IL-18 primes T cells with an antigen-inexperienced memory phenotype for proliferation and differentiation into effector cells through Notch signaling.

Recent studies have revealed that a subset of CD8+ T cells exhibit innate features and can be activated by cytokines. However, the precise mechanisms underlying the proliferation and differentiation of these cells remain unclear. Here, we demonstrated that CD44highCD8+ T cells in the mouse spleen express functional interleukin-18 (IL-18) receptors, whereas CD44lowCD8+ T cells do not. In response to IL-18 stimulation, these cells activated various metabolic pathways, upregulated the expression of surface molecules, such as c-Kit (CD117), CD25, and PD-1, and induced progression through the G1/S phase in the cell cycle. IL-18-primed cells, expressing a high-affinity receptor for IL-2, exhibited robust proliferation in response to IL-2 and underwent differentiation into effector cells. The splenic CD44highCD8+ T cells exhibited high expression levels of CD122, CD62L, CCR7, and CXCR3, along with CD5, indicating their potential for migration to the lymph nodes, where they could undergo expansion and terminal differentiation into effector cells.

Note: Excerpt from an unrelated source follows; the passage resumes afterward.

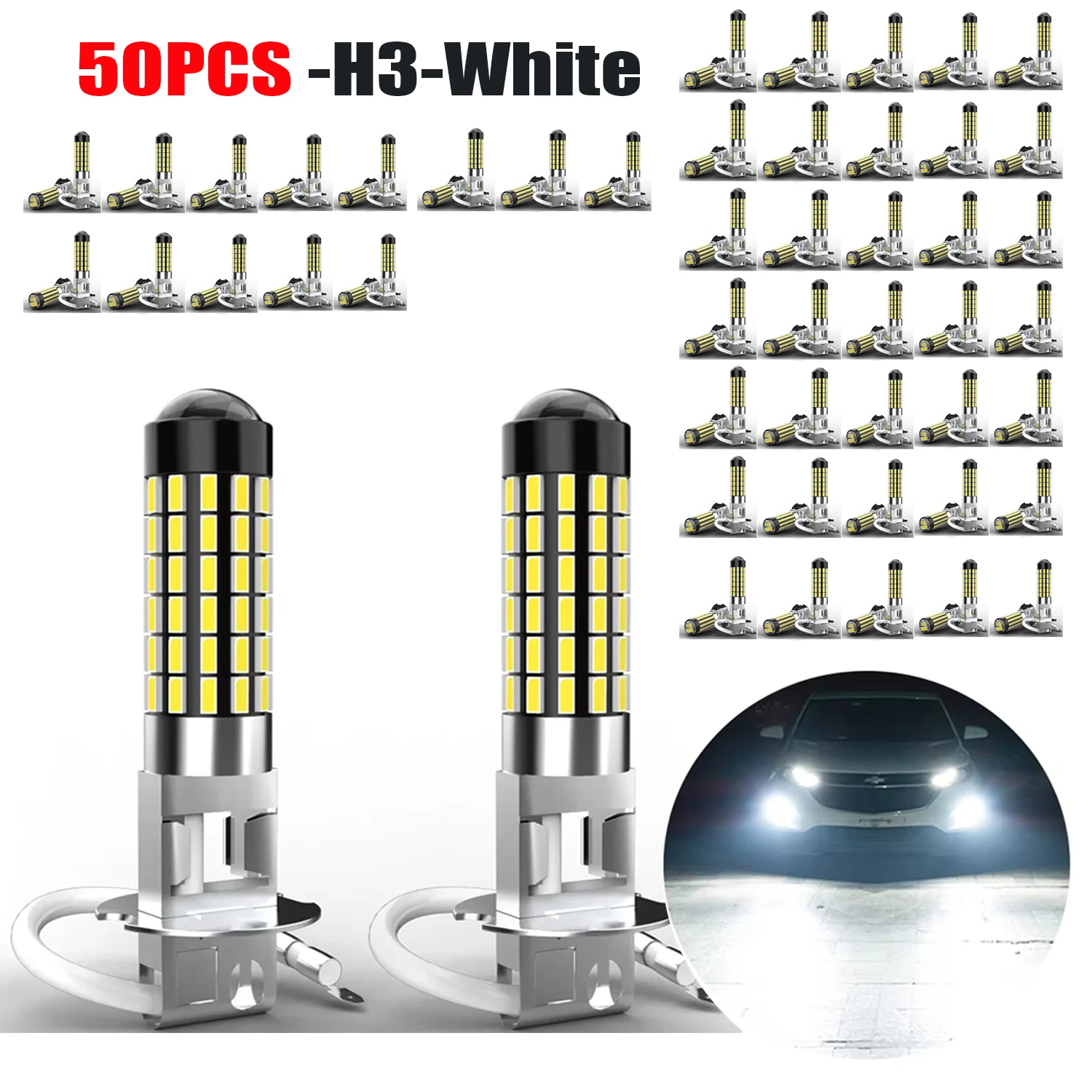 50pcs H3 LED Fog Light Bulb Headlight Bulbs Canbus Powerful 3000Lm White 360° Beam Angle CSP Chips For Opel Astra G H 2000~2014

Additionally, in a tumor model, administration of IL-18 increased the accumulation of CD8+ T cells in both the lymph nodes and tumors. It is noteworthy that stimulation of CD44highCD8+ T cells with IL-18 upregulated the Notch-1 receptor and c-Myc. Moreover, inclusion of γ-secretase inhibitors attenuated the effect of IL-18 on both proliferation and interferon-γ production in the cells. These results demonstrate that IL-18 primes CD44highCD122highCXCR3highCD62LhighCD8+ T cells for expansion and differentiation into effector cells in a Notch signaling-dependent manner.